What is needed. No line before the one holding "3 CAMERE + CURTE" is to be copied; that line and all after it, through the end of the listing, are returned exactly, minus pictures.

Available data.
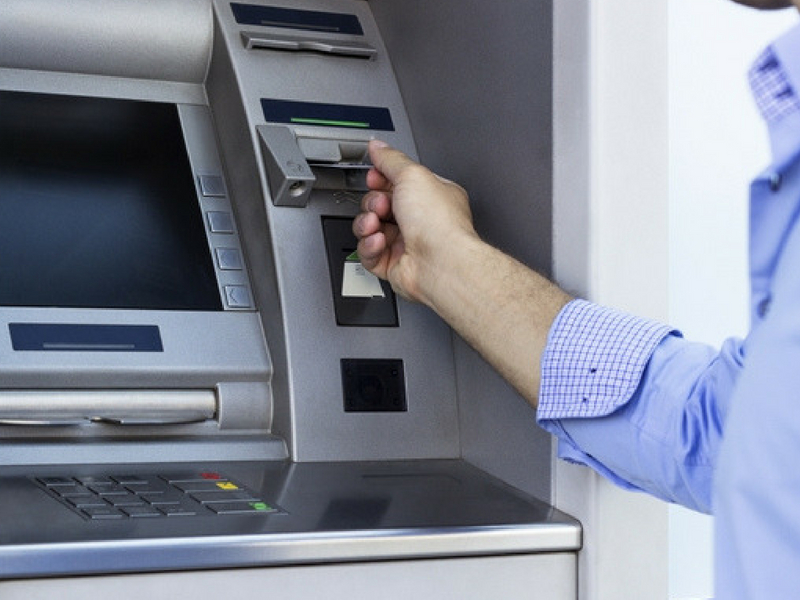 Thủ tục lấy lại thẻ ATM bị nuốt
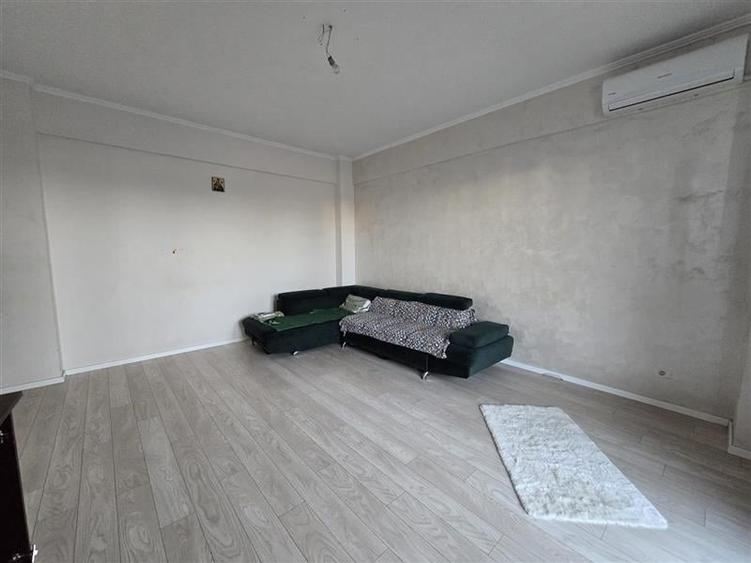 3 CAMERE + CURTE SI LOC PARCARE SECTOR 1 CHITILEI MALL COLOSSEUM - 8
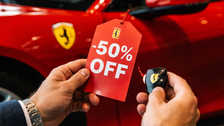 Ferarri kopen met 40% korting kopen: via dit bedrijf kan het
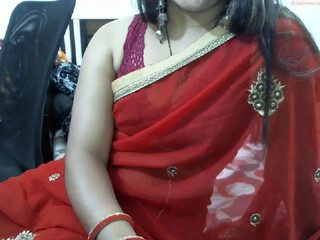 indiancpl chaturbate modest model posing in fries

Answer area.
 3 CAMERE + CURTE SI LOC PARCARE SECTOR 1 CHITILEI MALL COLOSSEUM - 8
 Ferarri kopen met 40% korting kopen: via dit bedrijf kan het
 indiancpl chaturbate modest model posing in fries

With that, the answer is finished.